Helping to pioneer the free, advertising-supported model for online music, imeem permitted consumers to legally upload, stream and share music and music playlists for free with the costs supported by advertising. In 2007, imeem became the first-ever online music site to secure licenses from all four U.S. major music labels to offer their music catalogs for free streaming and sharing on the web.

The company also created the web's first embeddable music and video playlists. People could use imeem's widgets to embed songs and playlists from imeem virtually anywhere on the web, including on their MySpace and Facebook profiles or on their personal blogs.

Headquartered in San Francisco's South of Market district (SoMa), imeem had additional offices in New York City and Los Angeles. The company's investors included Morgenthaler Ventures and Warner Music Group.

On December 8, 2009, imeem was bought out by MySpace Music in a firesale for an undisclosed amount. However, it is stated to have been less than US$1 million.

==Business model==
Revenue generation at imeem was through a combination of direct and indirect advertising sales, sales of MP3 downloads, ringtones and concert tickets, and subscription revenue from premium services. The bulk of its revenue came from advertising; advertisers who ran direct campaigns with imeem included TheTruth.com/American Legacy Foundation, Kia Motors, and Dr Pepper, among others.

The company was one of the pioneers of the ad-supported streaming music model. In 2007, imeem became the first-ever online music site to secure licenses from all four major music labels to offer their music catalogs for free streaming and sharing on the web.

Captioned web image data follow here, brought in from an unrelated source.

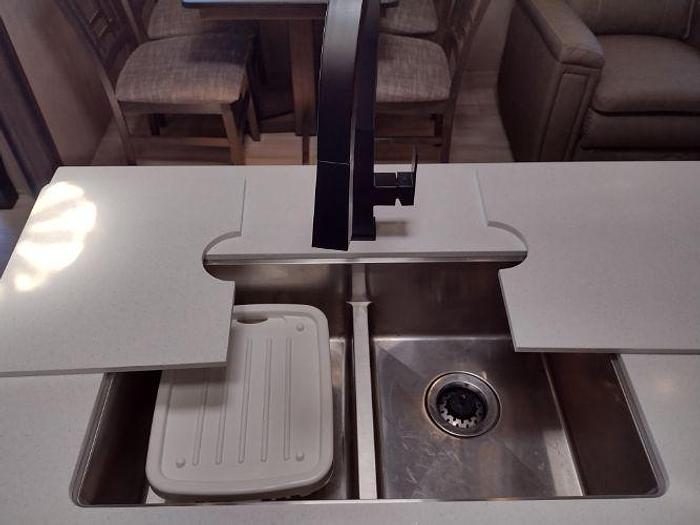 Used 2021 Grand Design Solitude S Class 3950BH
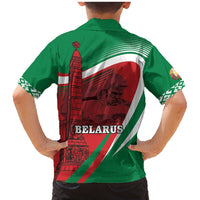 Belarus Independence Day Family Matching Mermaid Dress and Hawaiian Shirt Brest Fortress And Victory Square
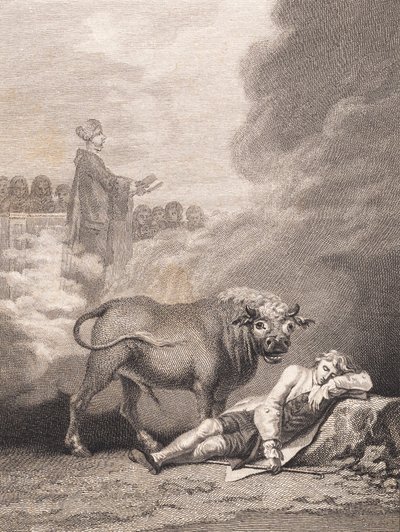 يعتقد نيلز كليم أنه يسمع الكاتب في Fane Kirke. ثانيًا بواسطة نيكولاي أبراهام أبيلدغارد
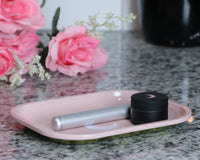 Brando Moon Rolling Tray with Moon - 5.5 x 7 inch Small Rolling Tray - Lightweight Curved Edges and Smooth Surface for easy Rolling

Under this model, artists and labels were paid a share of imeem's ad revenue in proportion to the popularity of their music on imeem, and had the right to register their content and determine how (or whether) that content is available on the site or through its embeddable widgets.

This business model was made possible by imeem's proprietary content fingerprinting and digital registry technology. Initially, imeem licensed this technology from SNOCAP, the digital rights and content management startup founded by Napster creator Shawn Fanning. In 2008, imeem acquired SNOCAP and its technology outright. imeem continued to operate the SNOCAP digital registry, and used the technology acquired from SNOCAP to power its ad-supported streaming music service.

==Products==
The company provided two main services: imeem.com, where people could discover, stream and share music and music videos for free, and imeem Mobile, an Internet radio service for mobile devices. In addition, the company offered a premium service, imeem VIP, that gave people access to additional features on the imeem site.

===imeem.com===
Registered users of the site could stream and share millions of songs and tens of thousands of music videos free of charge, with the costs for licensing and streaming supported by advertising on the site and on imeem Mobile.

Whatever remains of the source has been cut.